The task: The response must be made up of the lines in the entries below that contain "SPORT".

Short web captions

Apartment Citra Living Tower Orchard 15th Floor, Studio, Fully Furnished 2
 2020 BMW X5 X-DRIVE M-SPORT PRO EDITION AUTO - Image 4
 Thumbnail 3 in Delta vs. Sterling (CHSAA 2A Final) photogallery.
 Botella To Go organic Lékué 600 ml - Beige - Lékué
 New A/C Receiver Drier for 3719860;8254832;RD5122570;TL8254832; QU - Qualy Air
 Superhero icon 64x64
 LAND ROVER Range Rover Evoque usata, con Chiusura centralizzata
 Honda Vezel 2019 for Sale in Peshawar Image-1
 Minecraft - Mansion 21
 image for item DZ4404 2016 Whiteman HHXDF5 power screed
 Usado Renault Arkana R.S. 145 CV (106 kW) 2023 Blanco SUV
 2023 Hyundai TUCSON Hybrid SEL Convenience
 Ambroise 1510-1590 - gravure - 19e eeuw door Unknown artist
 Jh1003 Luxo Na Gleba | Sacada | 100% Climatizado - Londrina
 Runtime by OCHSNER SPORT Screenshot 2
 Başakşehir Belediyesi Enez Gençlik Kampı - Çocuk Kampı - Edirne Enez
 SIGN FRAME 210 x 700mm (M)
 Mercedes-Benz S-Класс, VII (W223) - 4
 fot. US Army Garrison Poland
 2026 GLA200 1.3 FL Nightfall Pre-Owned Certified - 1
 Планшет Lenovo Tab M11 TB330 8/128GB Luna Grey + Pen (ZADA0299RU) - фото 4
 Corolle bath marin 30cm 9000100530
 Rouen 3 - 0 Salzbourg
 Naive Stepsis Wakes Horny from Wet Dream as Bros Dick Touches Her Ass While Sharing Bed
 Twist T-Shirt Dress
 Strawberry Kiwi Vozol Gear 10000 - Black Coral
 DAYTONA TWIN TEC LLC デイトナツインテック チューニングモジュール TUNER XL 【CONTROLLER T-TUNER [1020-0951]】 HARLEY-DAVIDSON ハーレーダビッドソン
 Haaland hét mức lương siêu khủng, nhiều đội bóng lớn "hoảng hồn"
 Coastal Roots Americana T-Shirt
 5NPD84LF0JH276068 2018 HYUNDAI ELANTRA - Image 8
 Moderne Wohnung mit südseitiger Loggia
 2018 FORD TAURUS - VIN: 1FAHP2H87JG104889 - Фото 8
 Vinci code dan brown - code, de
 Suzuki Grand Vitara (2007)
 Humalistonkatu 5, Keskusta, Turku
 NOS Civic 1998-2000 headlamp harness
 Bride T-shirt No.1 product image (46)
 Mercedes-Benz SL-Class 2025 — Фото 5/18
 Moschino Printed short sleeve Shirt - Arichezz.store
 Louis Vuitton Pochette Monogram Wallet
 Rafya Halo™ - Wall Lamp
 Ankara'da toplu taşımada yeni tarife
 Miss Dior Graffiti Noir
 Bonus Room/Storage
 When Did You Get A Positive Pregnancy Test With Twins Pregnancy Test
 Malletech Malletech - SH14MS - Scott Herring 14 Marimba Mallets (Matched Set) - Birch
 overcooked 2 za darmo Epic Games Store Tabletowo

Response box:
 2020 BMW X5 X-DRIVE M-SPORT PRO EDITION AUTO - Image 4
 Runtime by OCHSNER SPORT Screenshot 2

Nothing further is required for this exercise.